What speed does the International Space Station travel at?
About 7.66 km/s, or 27,576 km/h, or 17,134 mph, at its nominal 408 km orbital altitude. At that speed, the ISS circles Earth roughly every 92.68 minutes, giving its crew about 16 sunrises per 24-hour day. If you enter 7660 m/s into the converter, the mph column reads the familiar 17,134.
Why do some readouts show m/s while car dashboards show km/h?
The SI coherent unit for speed is m/s, so anything that derives from a physics formula (kinetic energy, Reynolds number, Doppler shift) naturally comes out in m/s. Dashboards use km/h because consumer speed limits are set in km/h in most of the world; the car does one multiplication by 3.6 before it shows the number. This converter does the same, just transparently.
How do I get from a running pace (min/km) to a speed (km/h)?
Divide 60 by the pace in minutes per kilometer. A 5:00 min/km pace equals 60 / 5 = 12 km/h. This converter does not take min/km as input directly - enter the km/h value. If you prefer a dedicated pace-to-speed calculator, tell us via the feedback link and we will add one.
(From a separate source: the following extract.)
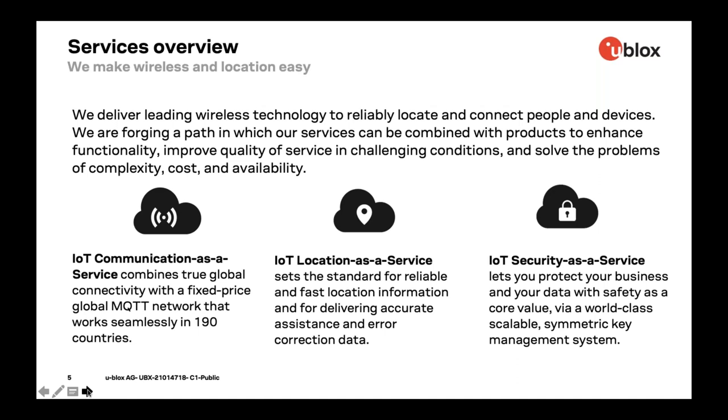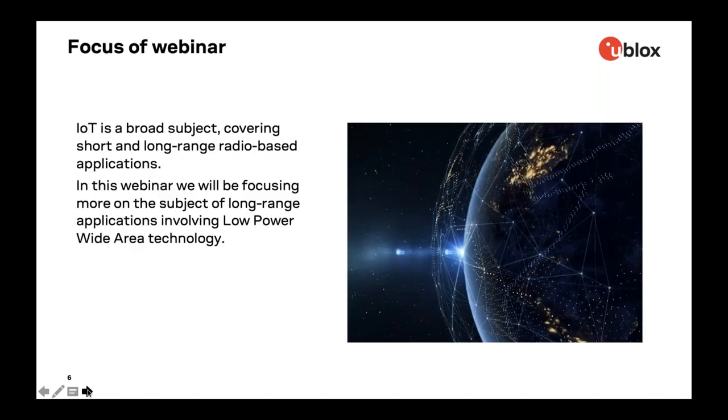Thank you, Patti. Good morning, good afternoon, everyone, wherever you are. Pleased to be here talking to you about communications today. With regards to IoT communications and the various solutions, they come in different shapes and sizes and are packaged very differently depending on the end applications. Today we're going to focus more on those involving low power wide area technology, though the paradigms around saving power are still relevant to short range applications. We're not specifically focusing on Bluetooth tethering for consumer applications.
Is mph the same worldwide?
Yes - both the US and the UK use the same international statute mile (exactly 1609.344 meters since 1959), so 1 mph is 1.609344 km/h everywhere. That matches the ISO 31-3 definition and NIST SP 811. Watch out only for historic US survey mile (1609.347... m) - retired by NOAA at the end of 2022 - and older pre-1959 UK imperial miles, which differ in the sixth decimal place.